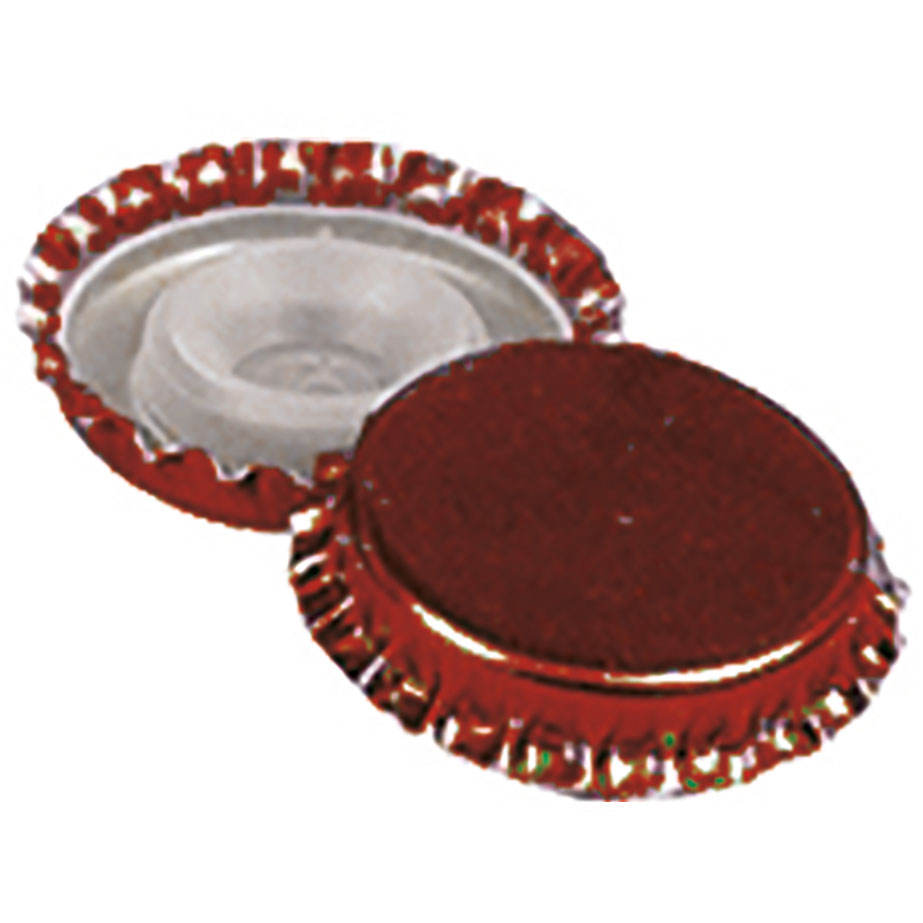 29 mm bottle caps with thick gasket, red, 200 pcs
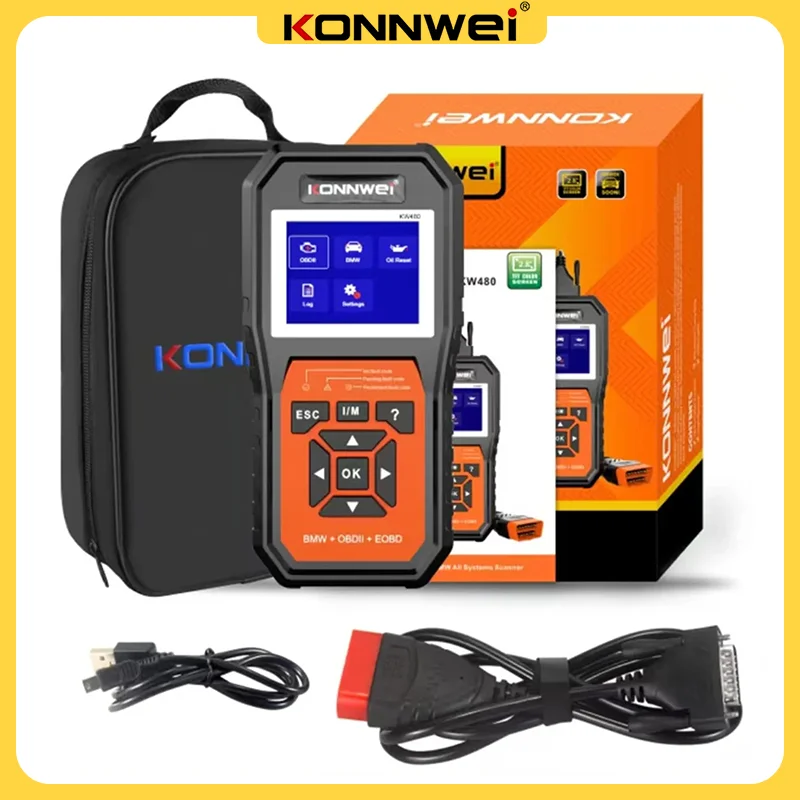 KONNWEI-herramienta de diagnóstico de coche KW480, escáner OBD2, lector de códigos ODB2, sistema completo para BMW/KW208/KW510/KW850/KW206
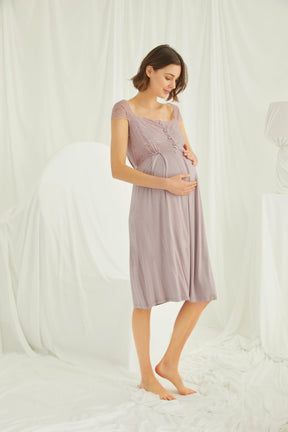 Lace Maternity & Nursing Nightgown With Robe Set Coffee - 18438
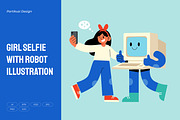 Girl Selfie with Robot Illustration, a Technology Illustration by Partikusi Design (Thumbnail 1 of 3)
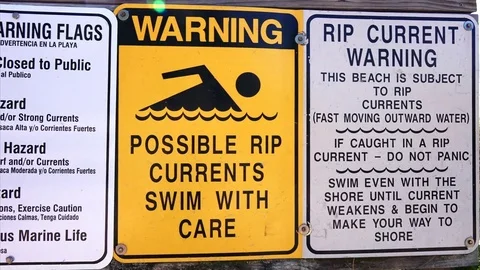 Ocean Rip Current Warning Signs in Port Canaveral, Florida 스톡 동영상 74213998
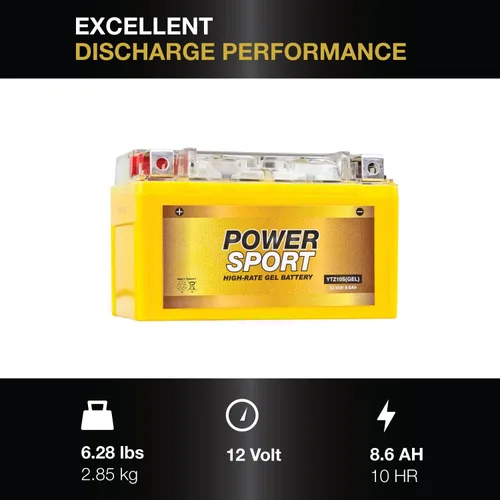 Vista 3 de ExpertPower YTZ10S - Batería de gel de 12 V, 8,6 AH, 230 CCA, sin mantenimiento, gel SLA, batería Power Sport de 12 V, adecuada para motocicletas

What to work on:
Make an exact copy of every entry above, minus the images.

Output for this exercise:
 29 mm bottle caps with thick gasket, red, 200 pcs
 KONNWEI-herramienta de diagnóstico de coche KW480, escáner OBD2, lector de códigos ODB2, sistema completo para BMW/KW208/KW510/KW850/KW206
 Lace Maternity & Nursing Nightgown With Robe Set Coffee - 18438
 Girl Selfie with Robot Illustration, a Technology Illustration by Partikusi Design (Thumbnail 1 of 3)
 Ocean Rip Current Warning Signs in Port Canaveral, Florida 스톡 동영상 74213998
 Vista 3 de ExpertPower YTZ10S - Batería de gel de 12 V, 8,6 AH, 230 CCA, sin mantenimiento, gel SLA, batería Power Sport de 12 V, adecuada para motocicletas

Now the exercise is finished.